There's a bill in Congress related to the Higher Education Act, which has implications for schools with distance education programs. The bill includes a single sentence that states that such institutions must implement processes to verify that a student who registers for a course (or program) is the same as the one who participates in it. Here's what it says:
the agency or association requires an institution that offers distance education to have processes through which the institution establishes that the student who registers in a distance education course or program is the same student who participates in and completes the program and receives the academic credit
And the bill goes to great lengths to define distance education, but it boils down to any course in which the instructor and students are separated. VCU offers such courses.
An article in The Chronicle of Higher Education explores some of the technologies which are available to help with user authentication. These include tried and true technologies like fingerprint readers and challenge questions, as well as keystroke pattern analysis and webcams photos reviewed by remote proctors. With authentication there are 3 categories of choices - methods that rely on something the user has, something the user knows and something the user is. When the risk to mitigate involves willful deceit by the user, the first method is useless and the second is difficult to implement effectively since it's trivial for a person to share basic information that could be asked. So it's likely that the types of technologies adopted will consist of biometrics (such as fingerprint scans, retina scans and subdermal capillary patterns) and visual comparison of the student to a baseline image.
Of course, technology like this has a cost. In addition to a financial component there are privacy and usability concerns. But there are some larger issues that need to be considered.
1. Is cheating more rampant in a distance education course than in a traditional classroom environment?
2. How is the authenticity of the baseline sample being ensured?
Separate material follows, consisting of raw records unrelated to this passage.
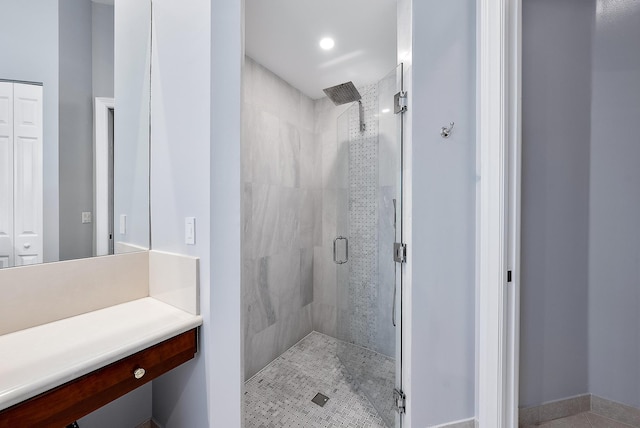 bathroom with tile patterned flooring, vanity, and an enclosed shower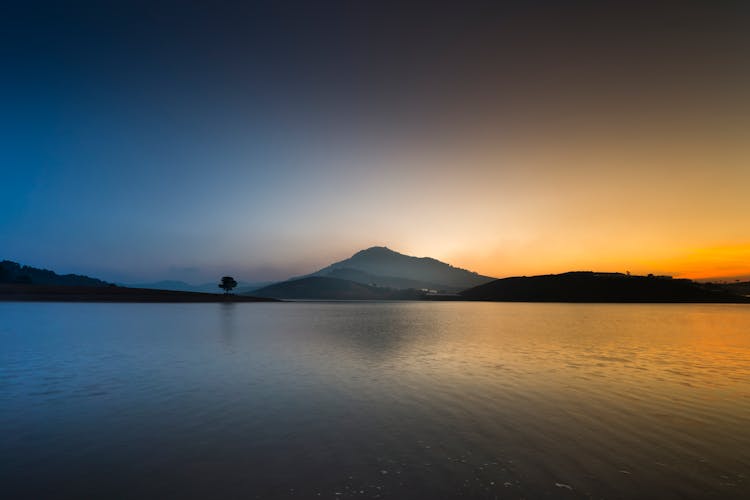 Calm Body Of Water Near Mountain View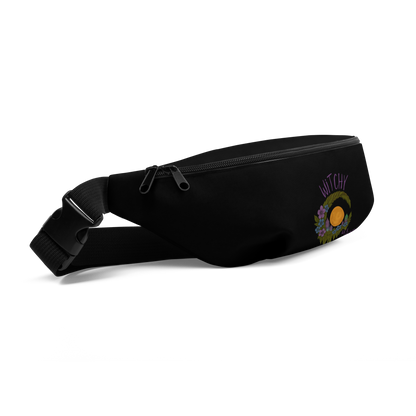 This is a black waist bag fanny pack with a design of a hand-drawn wreath made of moss-covered branches wraps around a glowing sun. The wreath is decorated with purple and blue flowers, small amethyst and fluorite crystals, and strands of hanging moss. The words “Witchy” curve above the wreath and “All Year” sits on the bottom right 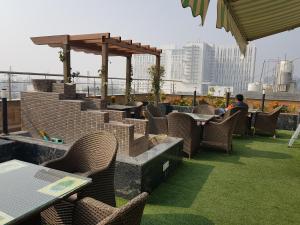 a patio with tables and chairs on a roof at Platinum Palace in Gurgaon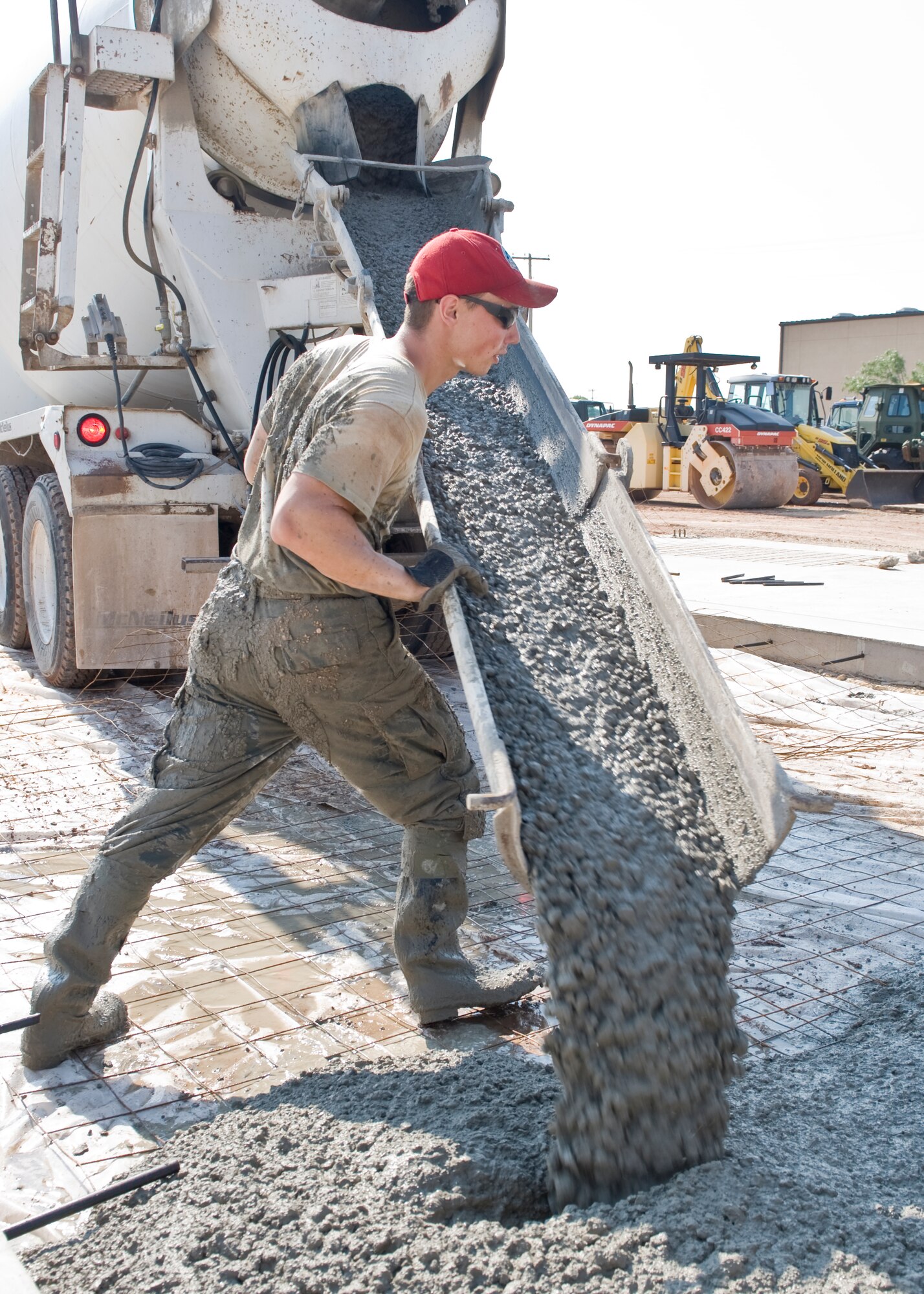 Airman 1st Class Derek Reimer, 819th Red Horse Squadron of Malmstrom AFB, Mont., pours concrete July 17, 2012, at Dyess Air Force Base, Texas. The poured concrete is for the foundation of an 8,500-square-foot facility that will provide the 7th CES a new logistics building, consolidating multiple facilities used by the squadron. (U.S. Air Force photo by Airman 1st Class Peter Thompson/ Released)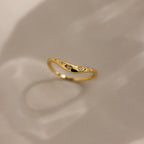 The North Star Curve Dome Ring features diamond star accents and delicate star-shaped engravings, with gemstones shimmering as it casts a soft shadow on a beige surface.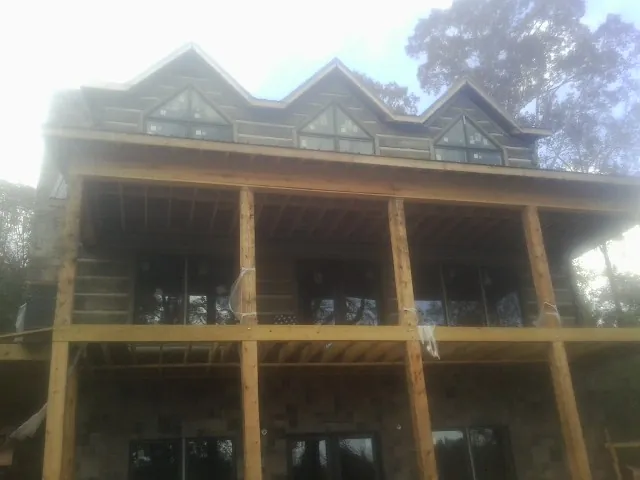 Dormers and porch framing on a large log home under construction — Roof Coating work by our crew in Pomaria
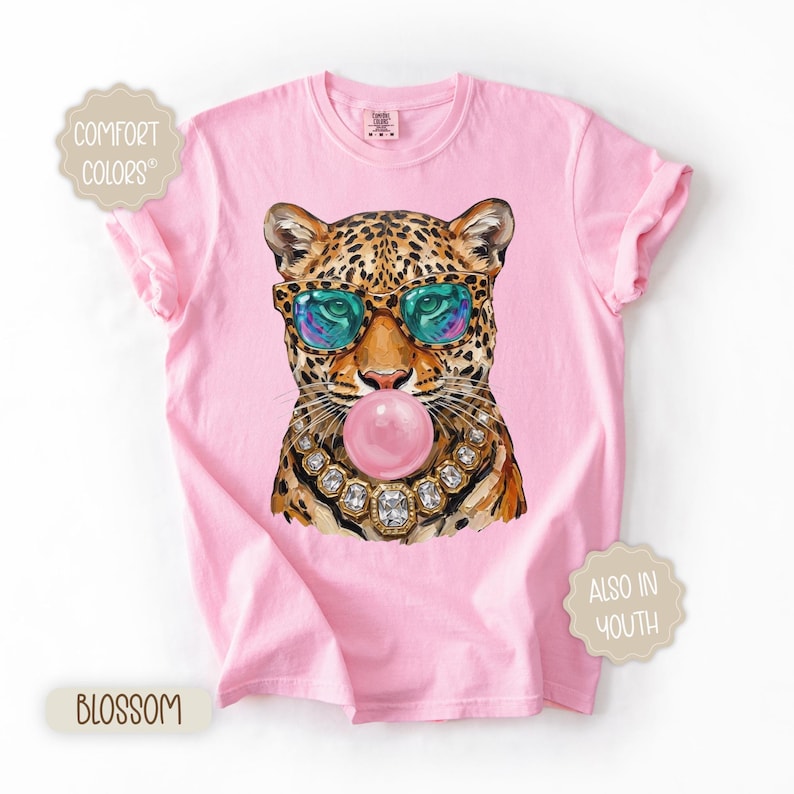 May include: Pink t-shirt featuring a leopard wearing sunglasses and a jeweled necklace, blowing a bubblegum bubble. The shirt has the words "Comfort Colors", "Blossom", and "Also in Youth" printed on it.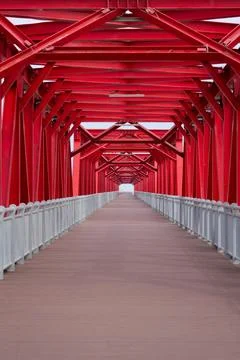 Red steel structure forms a symmetrical bridge with a long wooden walkway, Fotos de archivo
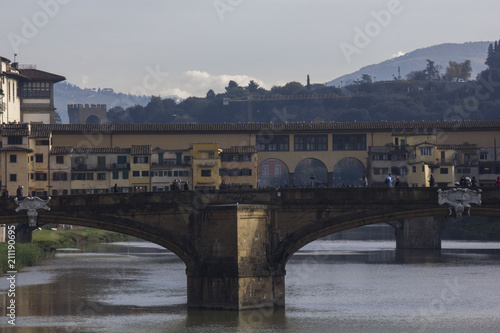 Day view of Florentine Ponte Vecchio bridge in Florence photo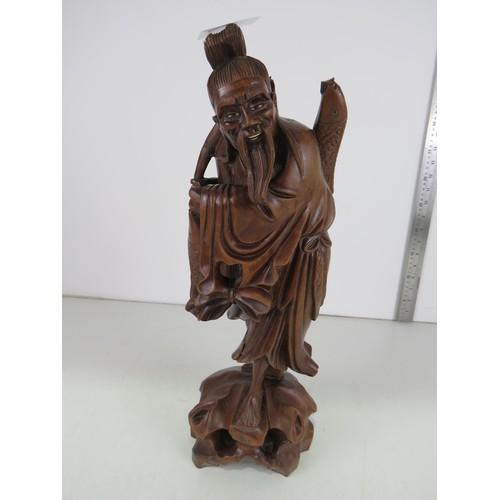 8 - Large carved rosewood Chinese man sculpture.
If a school needs to collect a photo of the student or digitize a fingerprint as part of the enrollment process to use for authentication, the school needs to be sure the individual who submits that information is in fact who they claim to be. If a person masquerades as another throughout the entire process, a person could conceivably earn a degree without completing any work. To close the gap the person's identity needs to be verified during enrollment. A less effective control would be to publish sufficient information from a student's academic record and a photo online. But an individual's appearance changes over time and if two people resemble each other enough, they can still defeat the system.